You know, if you’re moving from something that you’ve understood and policed inside your network for years and years and years and are effectively putting that into in the hands of Amazon or Microsoft or Salesforce or whoever that vendor is.

They’re gonna keep certain elements of it safe for you, but you’re still going to have to secure it and configure it in such a way that is secure by design and delivers privacy by design.

These IaaS vendors, they change and add new features and capabilities from one day to the next.

So a bit like our race to police our  artificial intelligence use, we’re finding it quite difficult to continue to safeguard data in the cloud, particularly when there’s new areas that people, developers, application owners, are kind of seeking out a shiny new toys with efficiencies that they’ve run and they’re putting data in them before we have the chance to evaluate them and understand the exposure and what that does for our risk profile.

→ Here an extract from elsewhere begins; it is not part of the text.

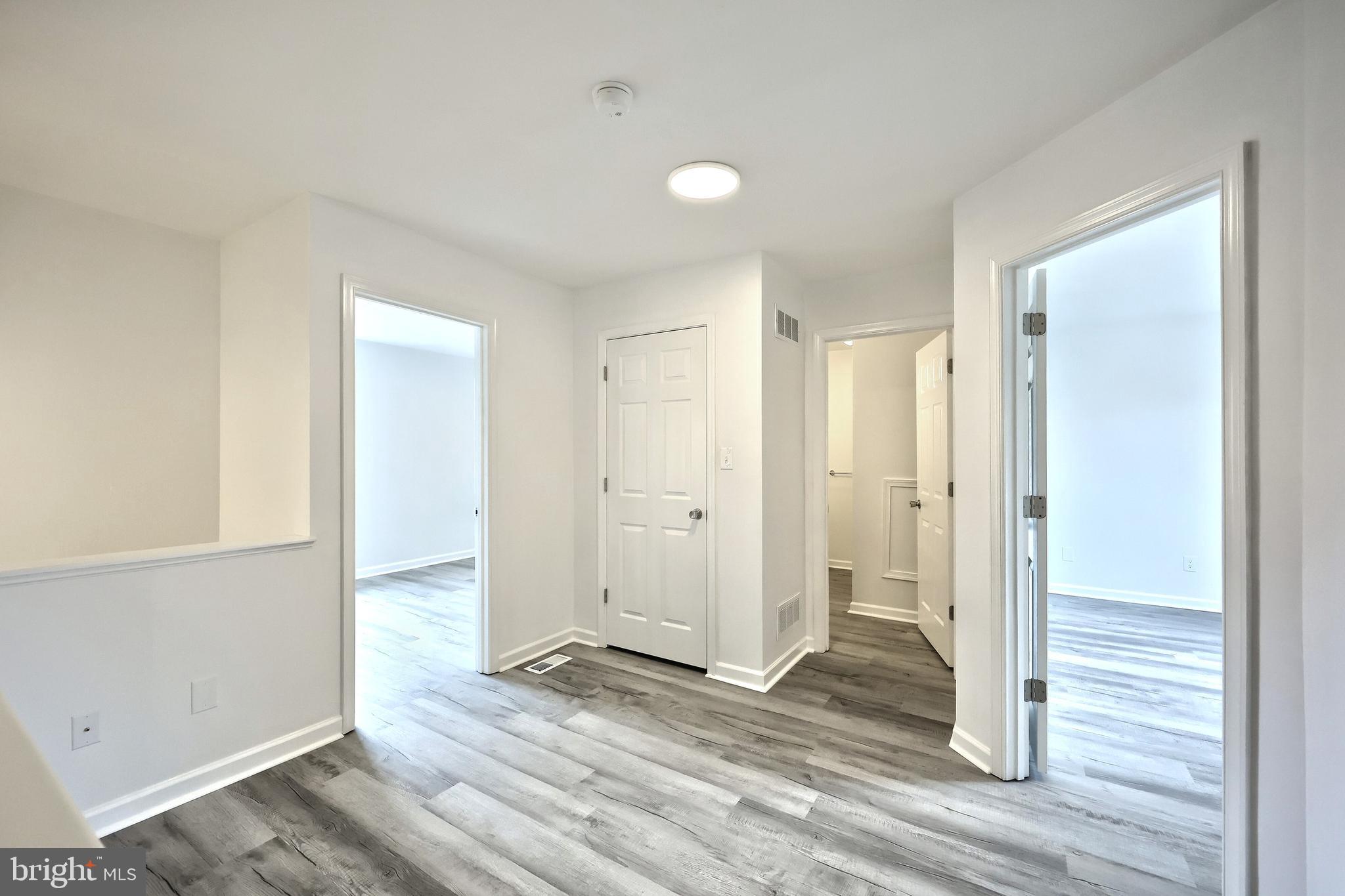 SPRINGBROOK CONDOS - Residential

It’s also really easy to get things wrong on new stuff. If you’re not yet familiar with the security mechanisms that a new cloud piece of technology might deliver, then you can very easily get it wrong.

I think the number of news stories that you might have seen around publicly accessible buckets or blogs or storage access like that is just numerous. But without knowing that those storage areas exist or what data is in those storage areas, then you don’t really know how much of an issue that might potentially be for you and your organisation.

So as I said, what’s happening now is that people are racing to adopt cloud technologies across the organisation and they’re not really asked or pausing to ask those data protection questions and how data protection should fit into that or might fit in that.

These people are not doing that on purpose. They’re just trying to get their day jobs done. They’re trying to adopt tools that are largely sanctioned.

But much like I said with artificial intelligence, they’re uploading data into areas that we’re not yet able to police.

And what I’m seeing is that we’re not performing due diligence around those platforms and asking the questions like, what might this mean if I enable this cloud workload, or how might this affect my data risk posture?

Does this have any ramifications for how I adhere to compliance or GDPR? Can I do a privacy impact assessment against it? How has this opened or expanded my risk profile or my data surface or actually my data attack surface?

And I think those are questions that probably would have been asked if the solution was still being delivered on premise, you know, and our hardware teams, our network teams, the people responsible for firewalls and stuff like that were involved on premise, then a lot of those questions would have been asked.

In order to get a handle on, you know, the cloud sprawl and how to kind of police it and the data inside it, we’re never going to prevent it, we’re never going to stop it, and there are a whole load of tools out there, you know, all of them beginning with C for cloud, a bunch of them up there on the screen in front of you.

But what you need to do is take what’s coming out of there and overlay that with something perhaps like a DSPM or something like that so that you can actually see what your cloud footprint looks like and rather than saying, no, you can’t use that thing, say, well, actually in the new Amazon contact lens or whatever, you know, we’ve got this data, Is this fit for purpose? Can we allow them to use that?

Can we develop an interface using that technology and enable it to be done safely by comparing what is in your cloud topology with what your data footprint looks like and what you believe that it should look like rather than what it does look like.